Geothermal systems take a fundamentally different approach to heating and cooling than conventional systems. Unlike conventional furnaces—which create heat by burning a fuel such as natural gas, propane, or fuel oil—GHP systems don’t create heat, so there’s no chemical combustion. Instead, geothermal systems move heat (thermal energy) stored in the earth or groundwater to the building during winter and remove heat from the building to the earth or groundwater during summer months.
What are the cost benefits of geothermal?
Even though the installation price of a geothermal system is more than that of conventional heating and cooling systems of the same capacity, the energy savings are significantly lower and therefore will offset the higher installation costs over time.
When the cost of a Geothermal system is included in a mortgage, your investment should produce a positive cash flow from the beginning. In other words, the extra cost of the Geothermal system to the total mortgage payment will likely be exceeded by energy cost savings over the course of each year.
Learn about various financing options by going to the U.S. Environmental Protection Agency’s Energy Star website.
Are there financial incentives to installing a Geothermal system?
Geothermal systems installed in new or existing homes by Dec. 31, 2016, are eligible for a 30 percent federal tax credit.

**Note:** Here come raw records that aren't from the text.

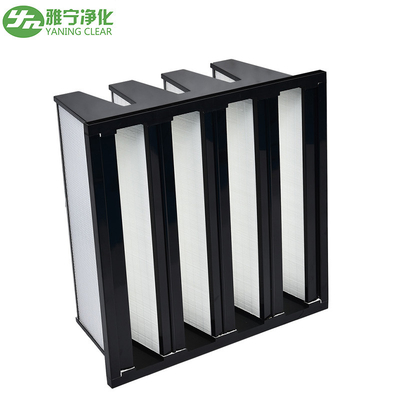 V Bank H10 Hvac Hepa Filter, Filter Udara Sub-Efisiensi Tinggi 610*610*295mm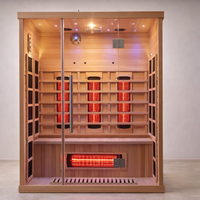 Infrared Sauna Cabin Built for Therapeutic Heat, Nordic Spruce Construction, Multi-Panel Heating, Glass Doors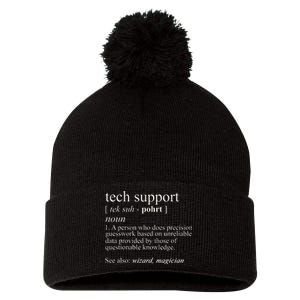 Tech Support Definition Funny Cute Computer Pom Pom 12in Knit Beanie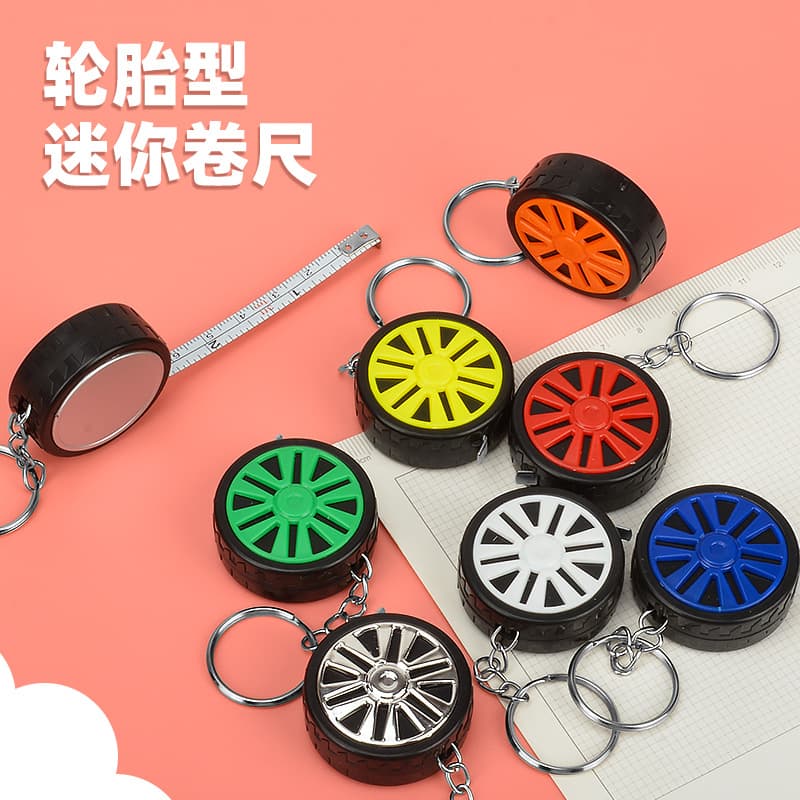 Manufacturer Direct Supply Amazon Hot-Selling 1m Tire-Shaped Mini Tape Measure, Steel Tape Measure
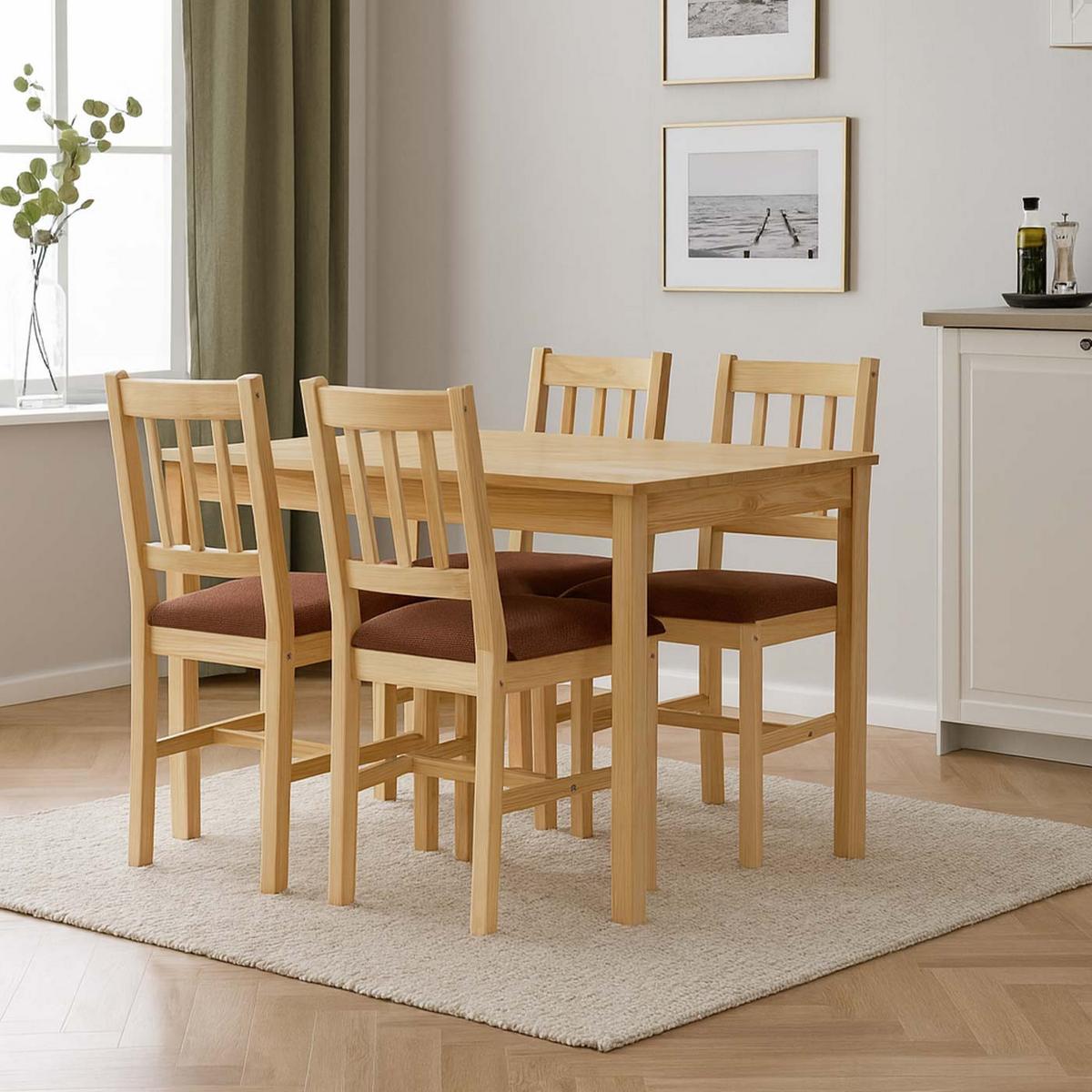 ESSZIMMER-SET Kiefer Dekor - Braun/Kieferfarben, Holz - MCW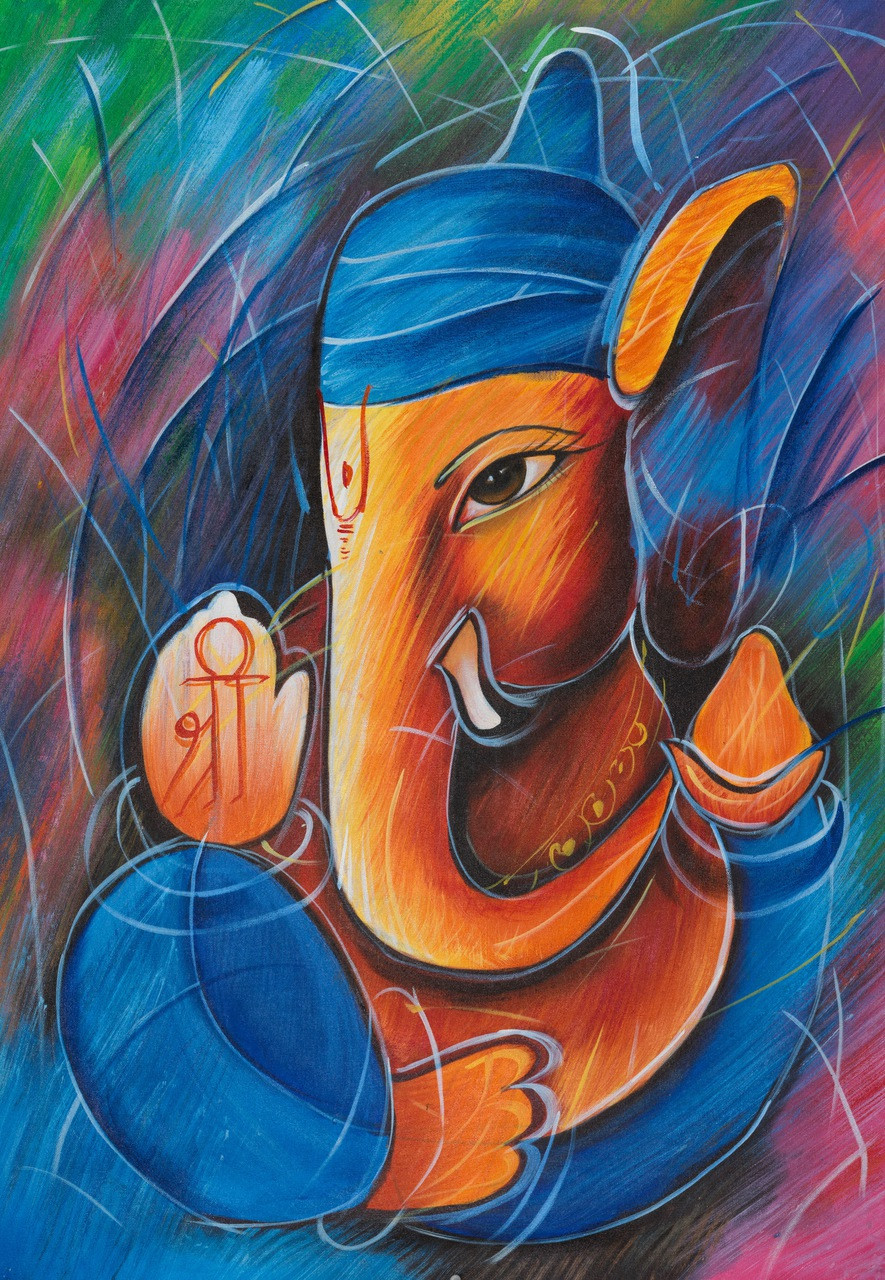 Buy Lord Shree Ganesh Handmade Painting by Community Artists Group ...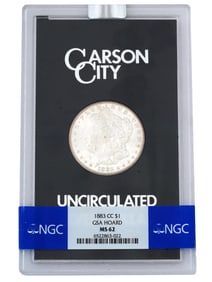 1883 UNCIRCULATED NGC MS62 SILVER MORGAN DOLLAR COIN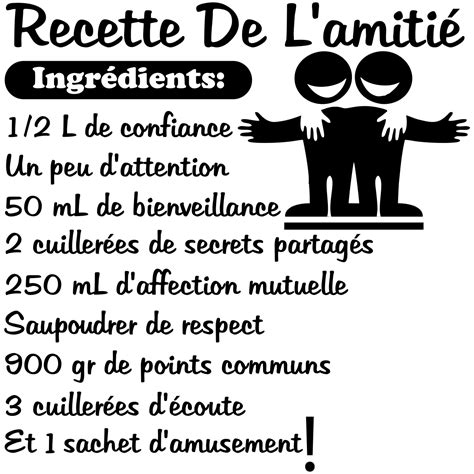 Sticker citation Recette de l'amitié – Stickers Citations Français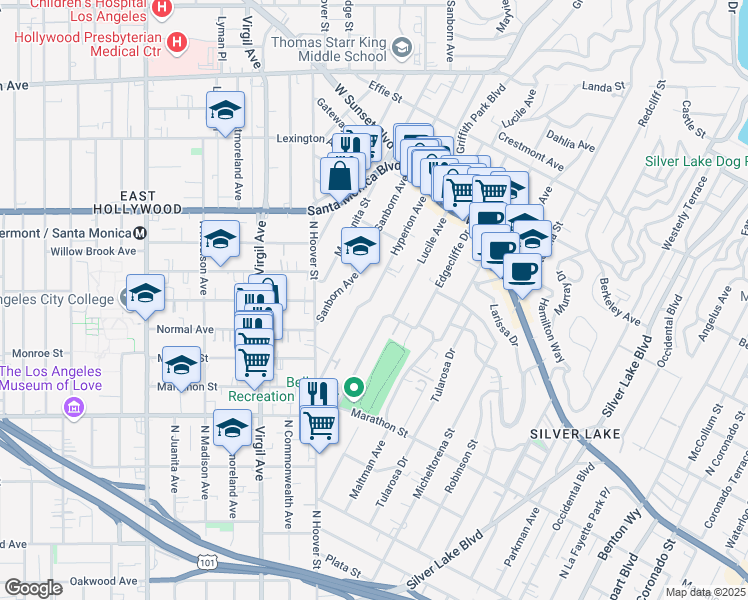 map of restaurants, bars, coffee shops, grocery stores, and more near 906 Hyperion Avenue in Los Angeles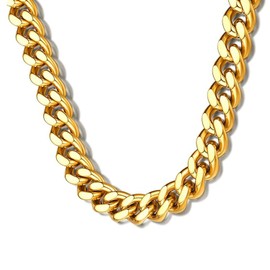 13mm Wide Cuban Link Chain Necklace for man and Woman-Gold 45cm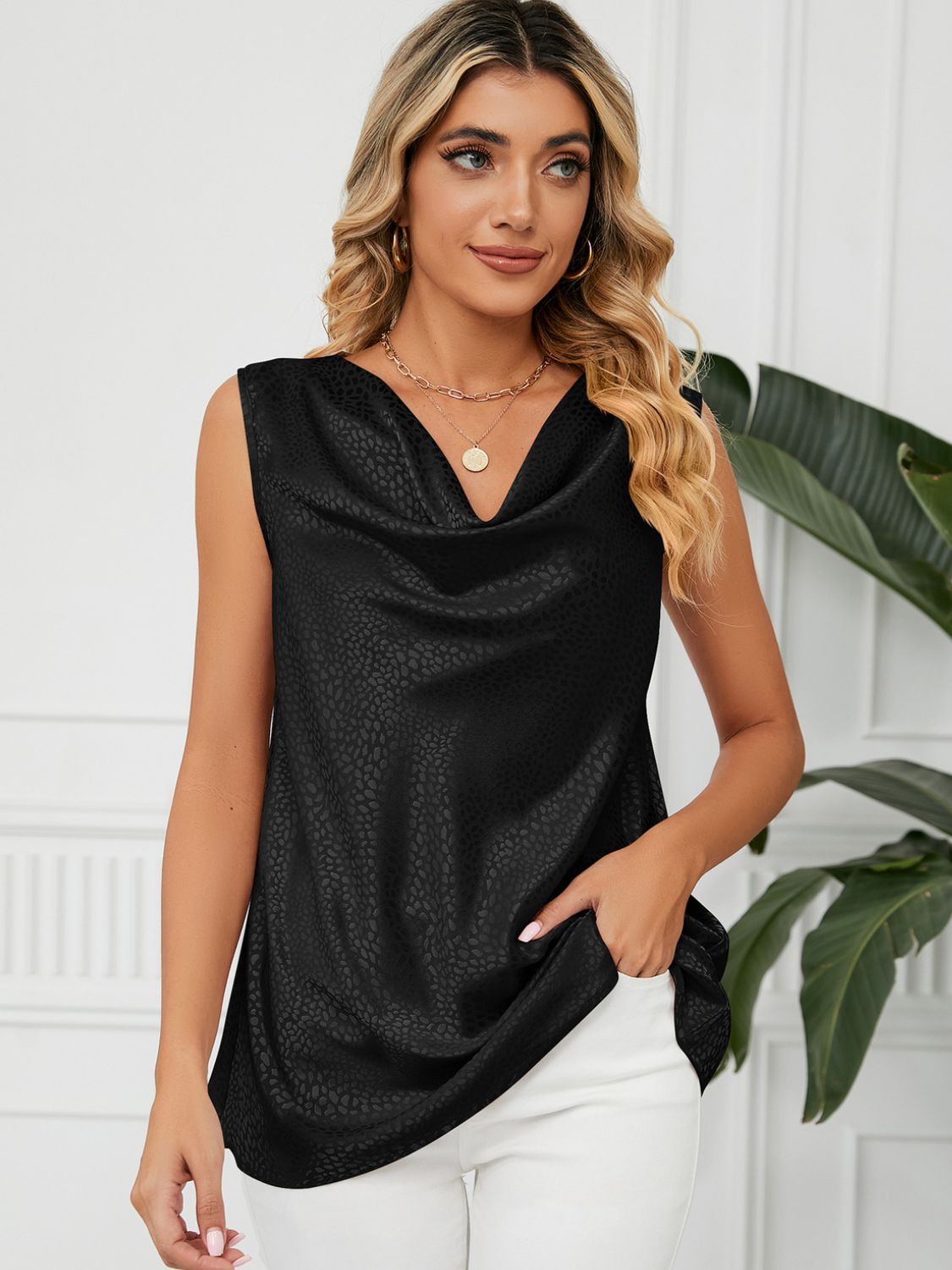 Solid Cowl Neck Top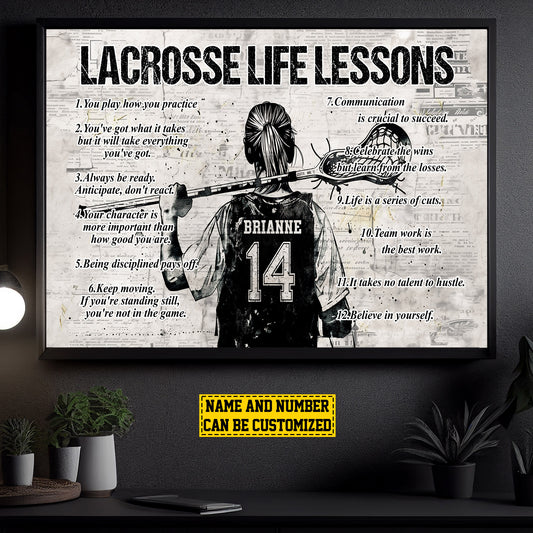 Lacrosse Girl Life Lessons, Personalized Motivational Lacrosse Girl Canvas Painting, Inspirational Quotes Wall Art Decor, Poster Gift For Lacrosse Lovers
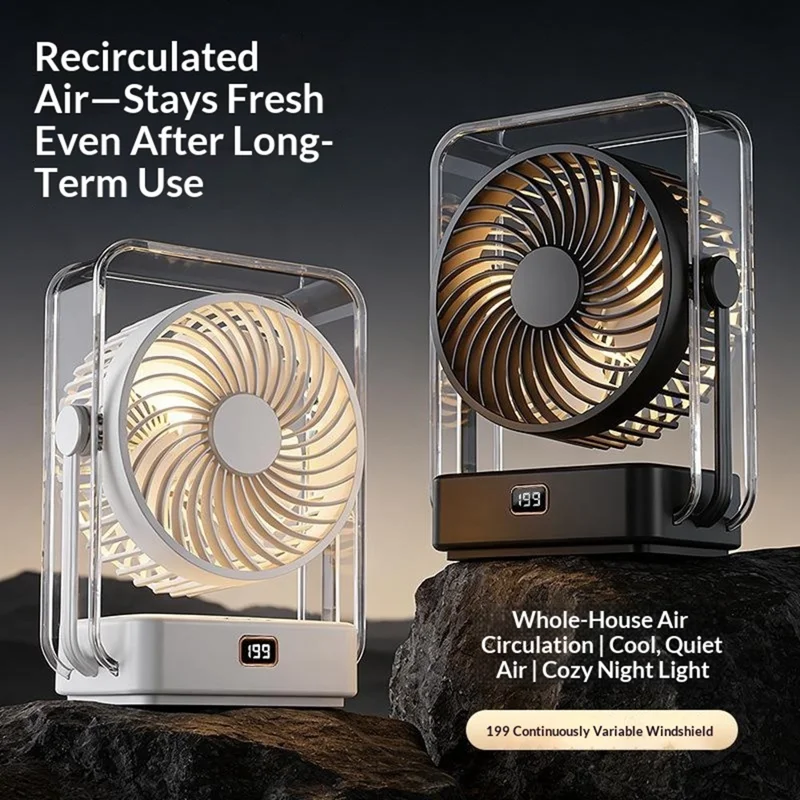 FA12 Desktop Circulating Fan 199-Speed Stepless Digital Display Night Light Rechargeable Cooling Fan - Transparent Black
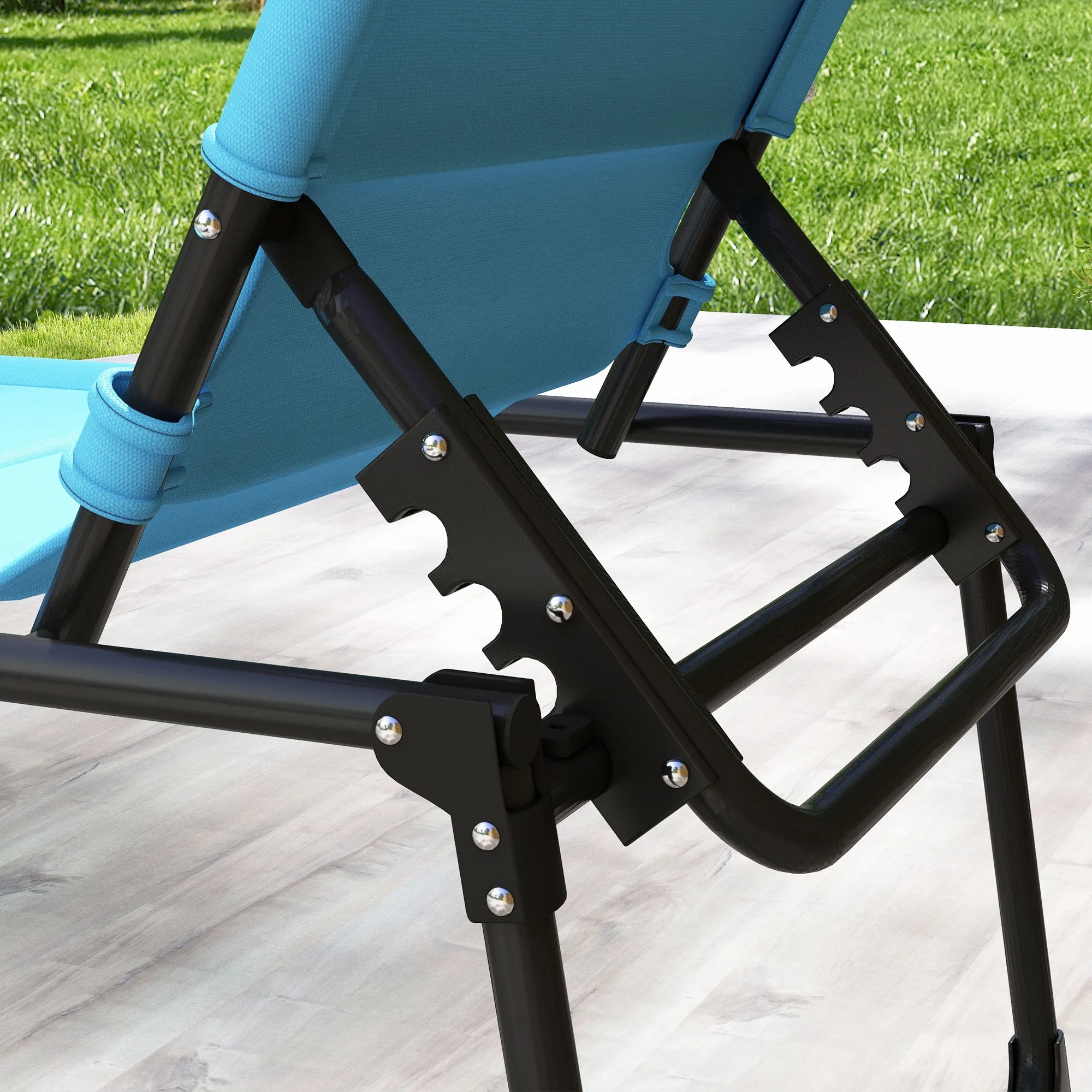 4-Position Adjustable Folding Cushioned Lounge Chair with Sun Shade Roof & Pillow, Blue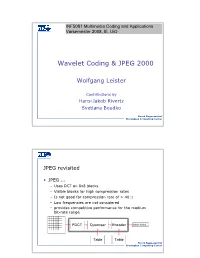 Wavelet Coding & JPEG 2000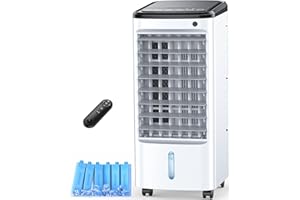 FANCOLE Windowless Portable Air Conditioners with 6 Ice Packs, 12H Smart Timer for Auto-off, 26Ft Remote, Top Fill Dual Tank, 3Speeds Evaporative Air Cooler, 70°Auto Swing Swamp Cooler Air Conditioner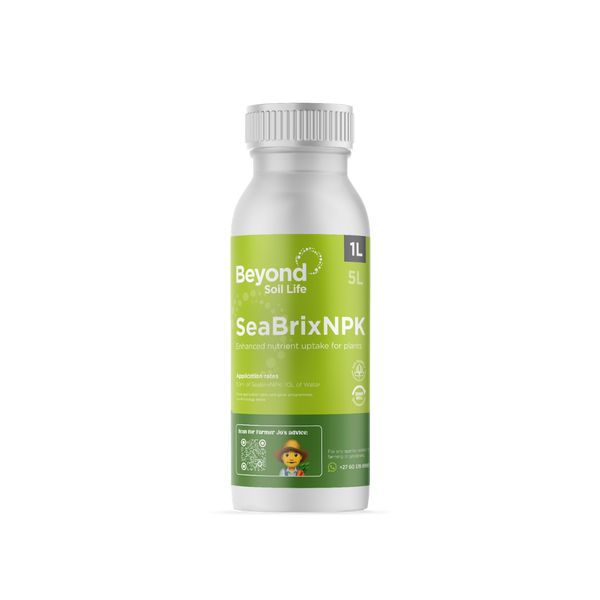 Bottle of Beyond Soil Life SeaBrixNPK on a white background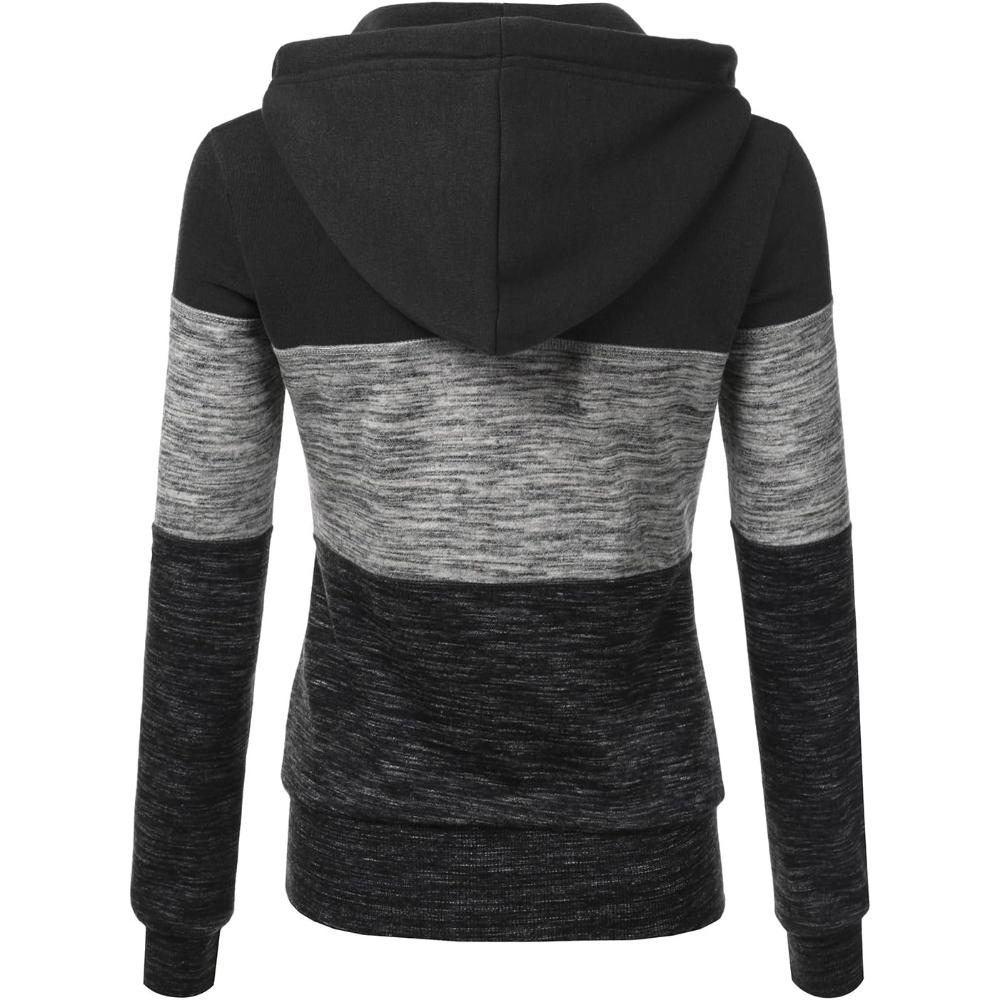 Zip Up Hooded Jacket With Contrast Stripes-My Comfy Blouse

What are the maintenance requirements of a Geothermal system?
System life is estimated at 25 years for the inside components and 50-plus years for the ground loop, according to the U.S. Department of Energy. Geothermal systems have relatively few moving parts and those parts are sheltered inside a building, so the systems are durable and highly reliable. Geothermal systems usually have no outside compressors, so they are not susceptible to vandalism.